A word-for-word copy of the entries, with the images left out, is what you should write.

• Short text fragments from websites
------------------------------------------------------------------------

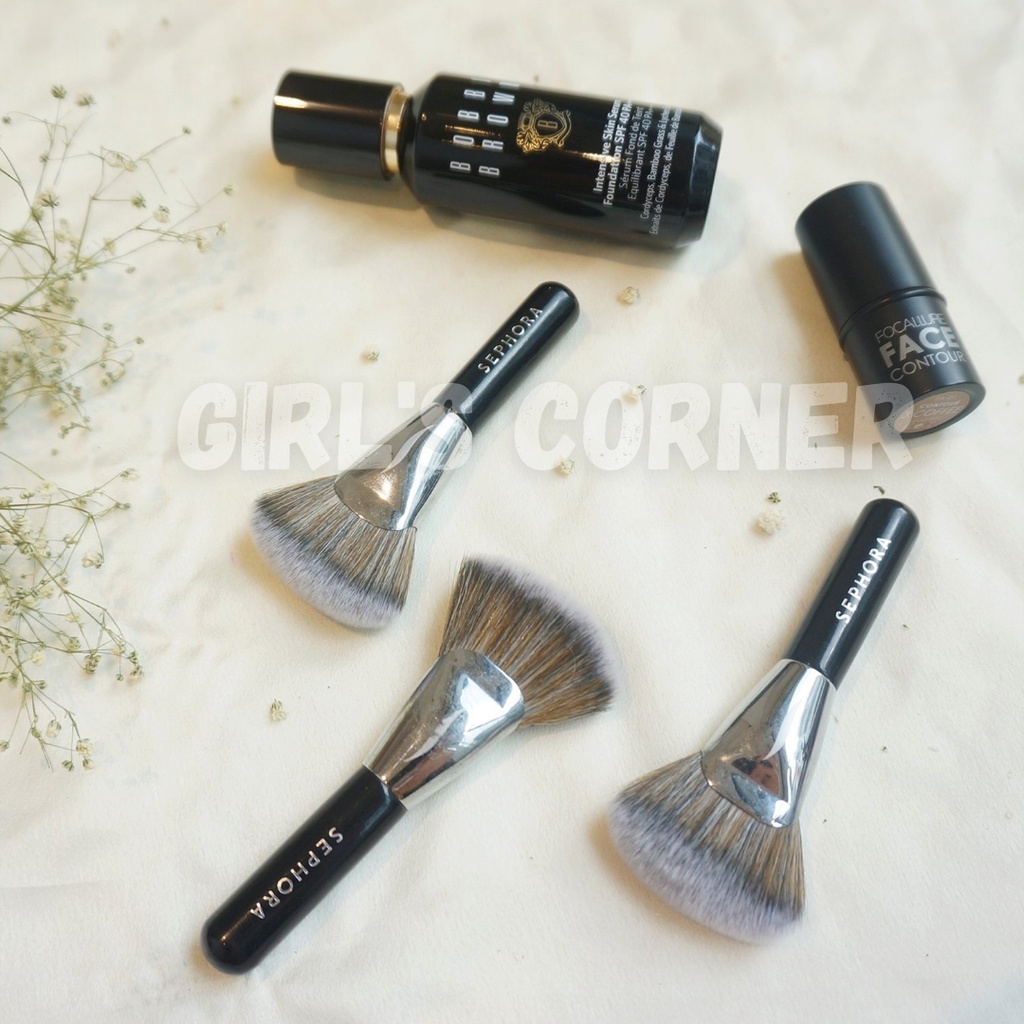 Cọ khối kem - tán nền Sephora 53.5 Pro Mini Airbrush Sweep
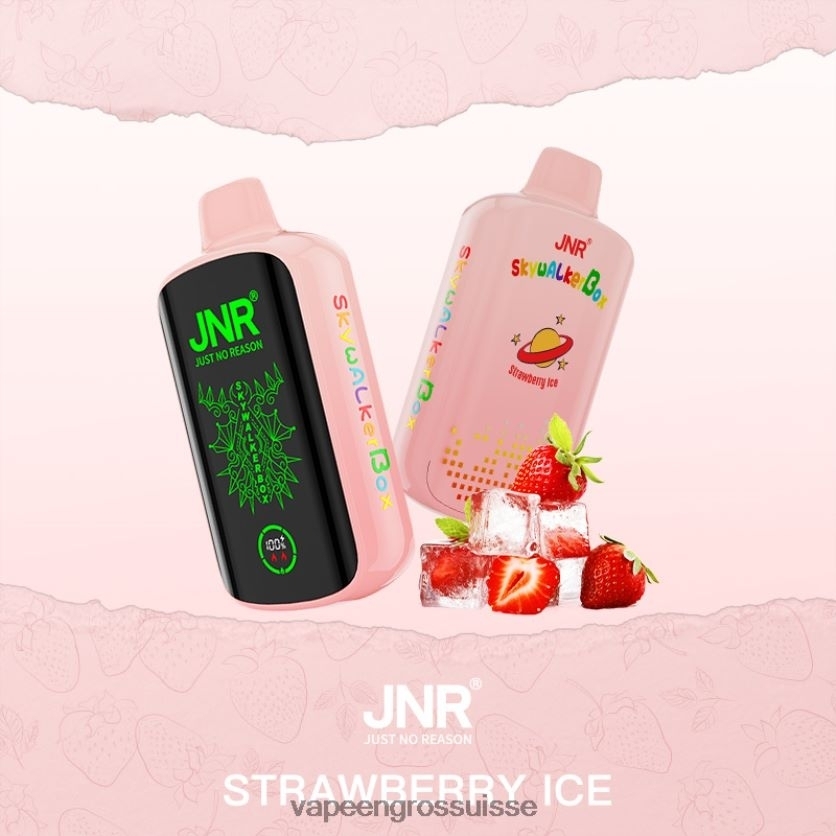 Vapoteuse En Gros - glace à la fraise 82F242591 JNR SKYWALKER BOX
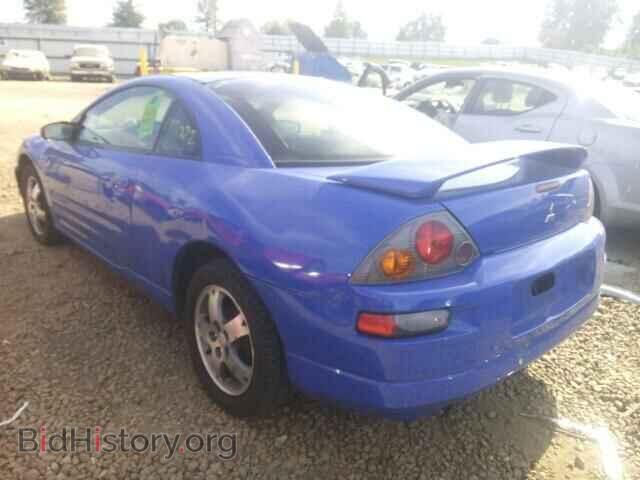 2003 MITSUBISHI ECLIPSE - VIN: 4A3AC44G93E032945 - Photo 3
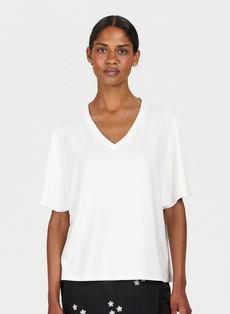 DHALIA Modal Tee - White via KOMODO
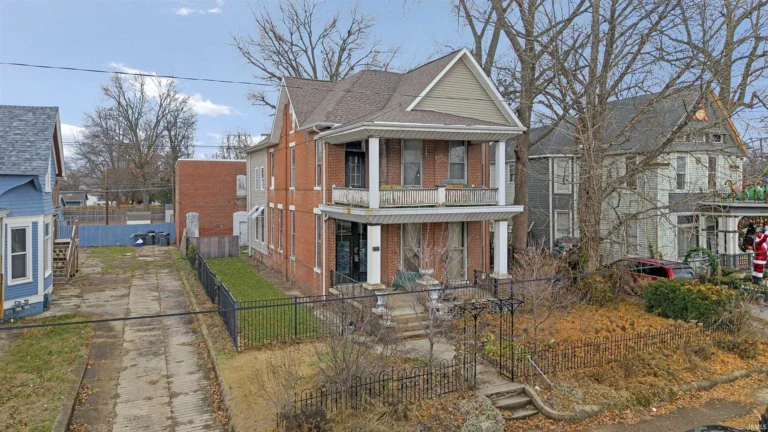 Step Into Timeless Elegance: Beautifully Restored Victorian Home with Endless Possibilities in Evansville – $149,950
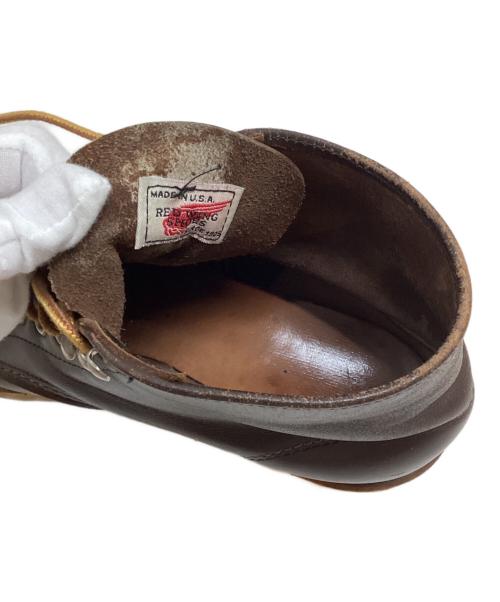 RED WING（レッドウィング）RED WING (レッドウィング) クラシックラウンドブーツ ブラウン サイズ:8Dの古着・服飾アイテム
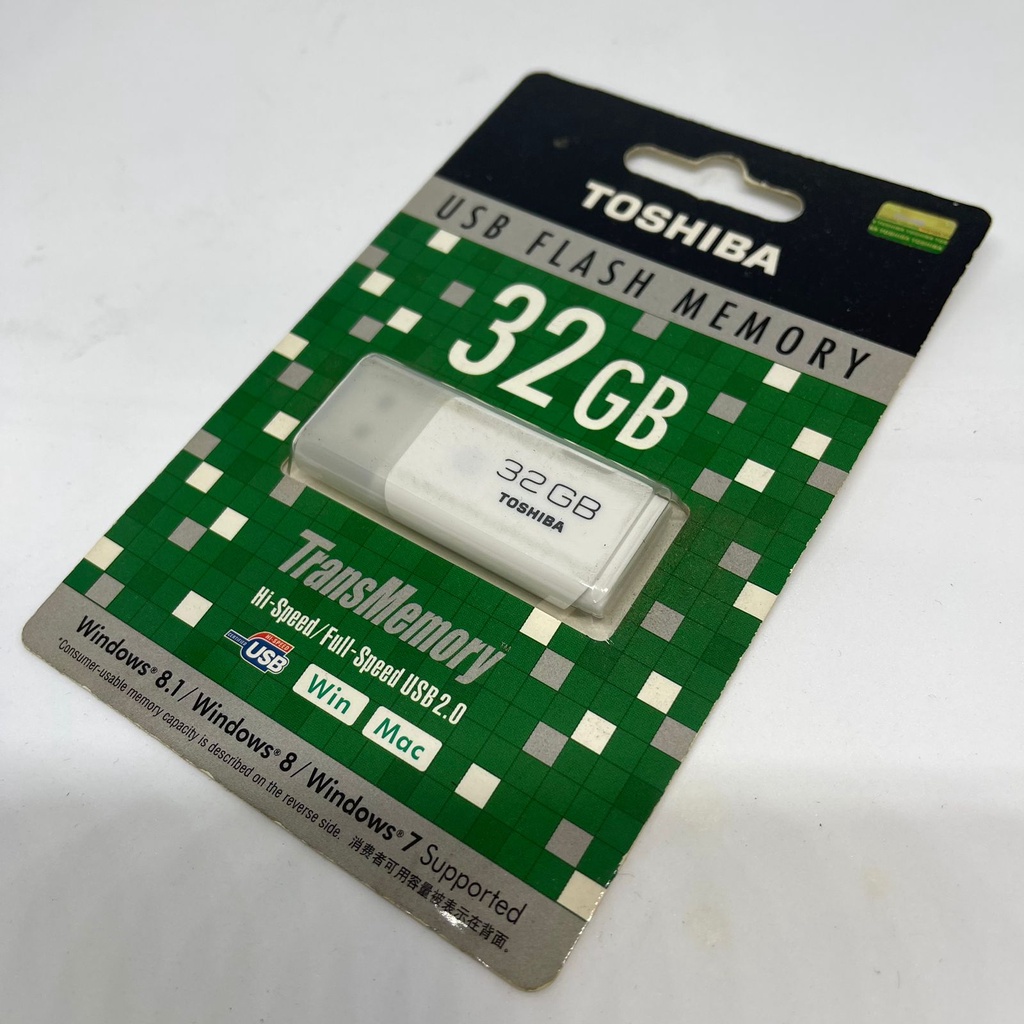 PROMO FlashDisk Toshiba 32GB 32 gb / USB Flash Disk Drive Flashdis Transmemory Transfer Data Komputer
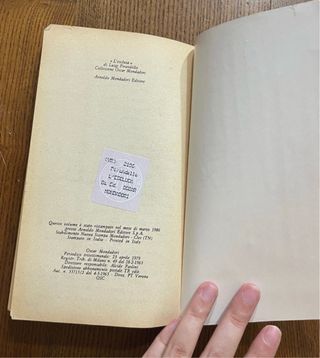 Libro "L'Esclusa" di Luigi Pirandello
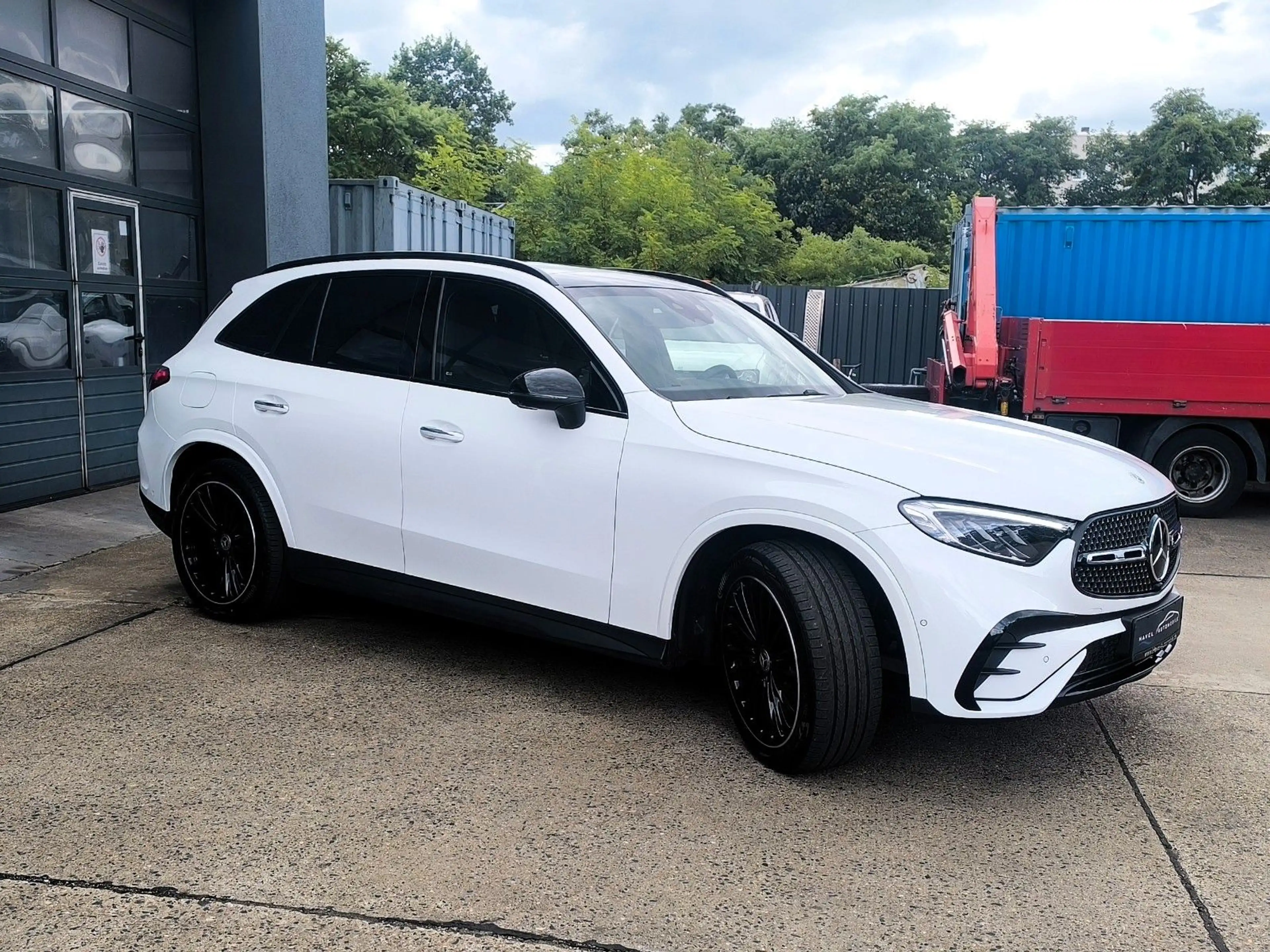 Mercedes-Benz GLC 450 d 4Matic Edition AMG Line Vollausstattung — photo 6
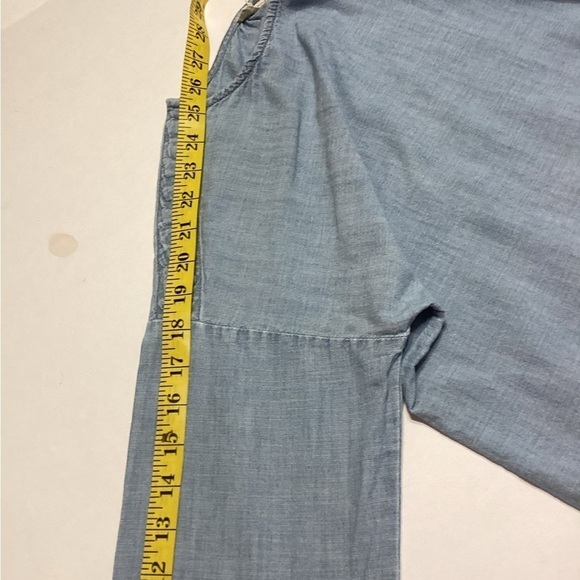 Madewell Size Small Convertible Cold Shoulder  Top - Picture 7 of 10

------------------------------------------------------------------------

• Solution to this exercise
 Cọ khối kem - tán nền Sephora 53.5 Pro Mini Airbrush Sweep
 Vapoteuse En Gros - glace à la fraise 82F242591 JNR SKYWALKER BOX
 2003 MITSUBISHI ECLIPSE - VIN: 4A3AC44G93E032945 - Photo 3
 DHALIA Modal Tee - White via KOMODO
 Step Into Timeless Elegance: Beautifully Restored Victorian Home with Endless Possibilities in Evansville – $149,950
 RED WING（レッドウィング）RED WING (レッドウィング) クラシックラウンドブーツ ブラウン サイズ:8Dの古着・服飾アイテム
 PROMO FlashDisk Toshiba 32GB 32 gb / USB Flash Disk Drive Flashdis Transmemory Transfer Data Komputer
 Libro "L'Esclusa" di Luigi Pirandello
 Mercedes-Benz GLC 450 d 4Matic Edition AMG Line Vollausstattung — photo 6
 Madewell Size Small Convertible Cold Shoulder  Top - Picture 7 of 10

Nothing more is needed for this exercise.